By “inexcusable” he means “inexcusable for the duration of this news cycle,” which should last, oh, another eight hours or so. If you’re on the Trump train, as Newt has been for months, nothing Trump says is literally inexcusable.
Even so, he hits him hard in the first few minutes of the clip below, just as he hit him hard in an e-mail to the Washington Post yesterday.
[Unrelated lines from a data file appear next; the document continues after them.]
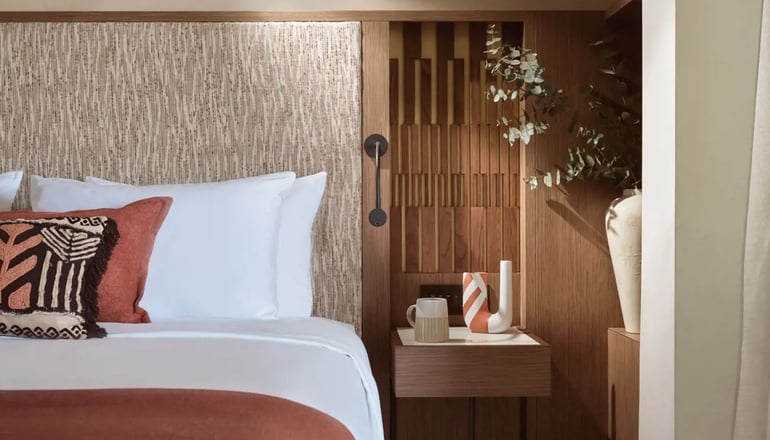 5* Eagles Palace Hotel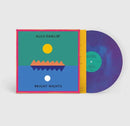 Allo Darlin’ - Bright Nights - lastnightfromglasgow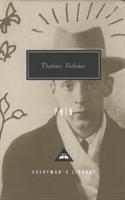 Pnin / Vladimir Nabokov / Buch / Gebunden / Englisch / 2004 / Everyman / EAN 9781857152722 - Nabokov, Vladimir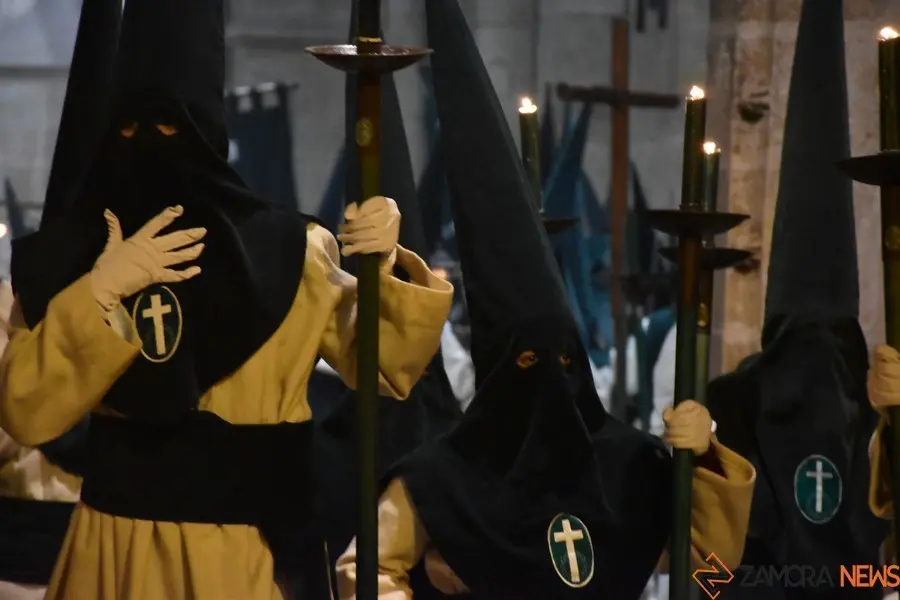 Siete palabras39 (25)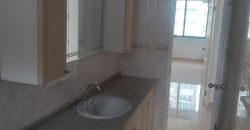 Spacious Apartment for Sale in PH Arcadia – Low Floor, 220 m²
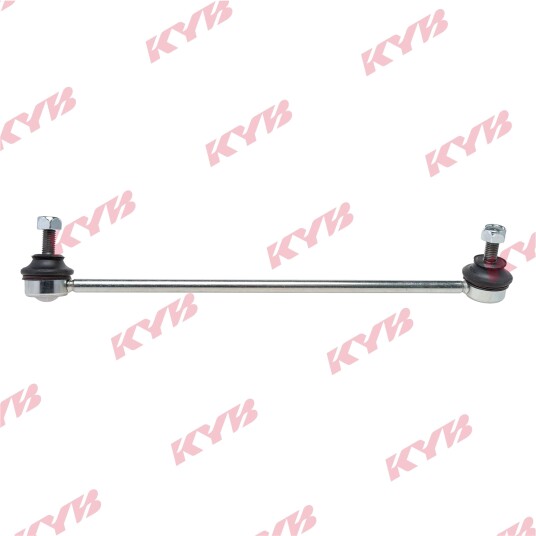 KYB KSLF4017 Stabilisatorstag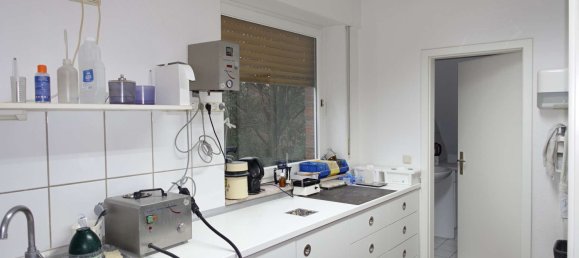 Здание с 10 спальнями в Diepholz, Германия № 147653 8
Should we assume from this that Newt’s already been ruled out for VP? Or is he still enough of a man of principle that he’s willing to risk losing the VP slot because he can’t in good conscience support Trump’s attacks on the judge?
“I don’t know what Trump’s reasoning was, and I don’t care,” former House speaker Newt Gingrich, who has been supportive of Trump, said in an email. “His description of the judge in terms of his parentage is completely unacceptable.”…
Gingrich issued a warning to the presumptive GOP nominee to stop freelancing and begin listening to advisers and others about how to run his general-election campaign. “If Trump doesn’t start consulting and coordinating with his allies, he will not have any,” Gingrich wrote in the email.
What did this guy think he was getting when he first started talking up Trump months ago? This is who Trump is. He’s not going to change, and not only is he not going to change, he’s taken to warning people publicly that he won’t. The weekend has been filled with Republican Trump accommodationists of varying degrees, from Reince Priebus to Mitch McConnell to Bob Corker, straining for a way to spin his pointless attacks on Judge Curiel. For McConnell, that means not giving a straight answer when asked if what Trump said was racist; for Priebus, it means retreating into the 2012 RNC fantasy about greater outreach to Latinos; for Corker, it means mumbling that Trump has to change even though, again, Trump keeps promising that that won’t happen. Anti-Trumpers swore up and down during the primaries that if Trump ended up as nominee and the establishment embraced him, the party would spend the rest of the year having to defend every rhetorical fart he squeezed out — and now here we are. McConnell et al. bought the ticket. Now they can enjoy the ride.
Here’s Newt, followed by Trump himself on “Face the Nation” musing that, yeah, a Muslim judge in the Trump U case might be unacceptable too. One reason I think Gingrich’s annoyance might be genuine instead of for show is that an old pro like him might believe that most of Trump’s demagoguery to this point has been nothing more than a calculated pander to the right, not the stuff of sincere conviction. Gingrich himself has engaged in Trumpian rhetoric in the past, once accusing Obama of “Kenyan, anti-colonial behavior.” Newt might have said that for strategic reasons, expecting that it’d buy him some cheap cred as a right-wing populist ahead of his 2012 presidential run. If so, he may have assumed that Trump’s own excesses are similarly strategic and that Trump can dial them back at will. What if they aren’t, and what if Newt’s only figuring that out now? What’s the strategic value at this point of taking jabs at the “Mexican” judge in a civil suit that no one would otherwise care about?
Would a Muslim judge also be out of the question here? @realdonaldtrump: "…It's possible, yes."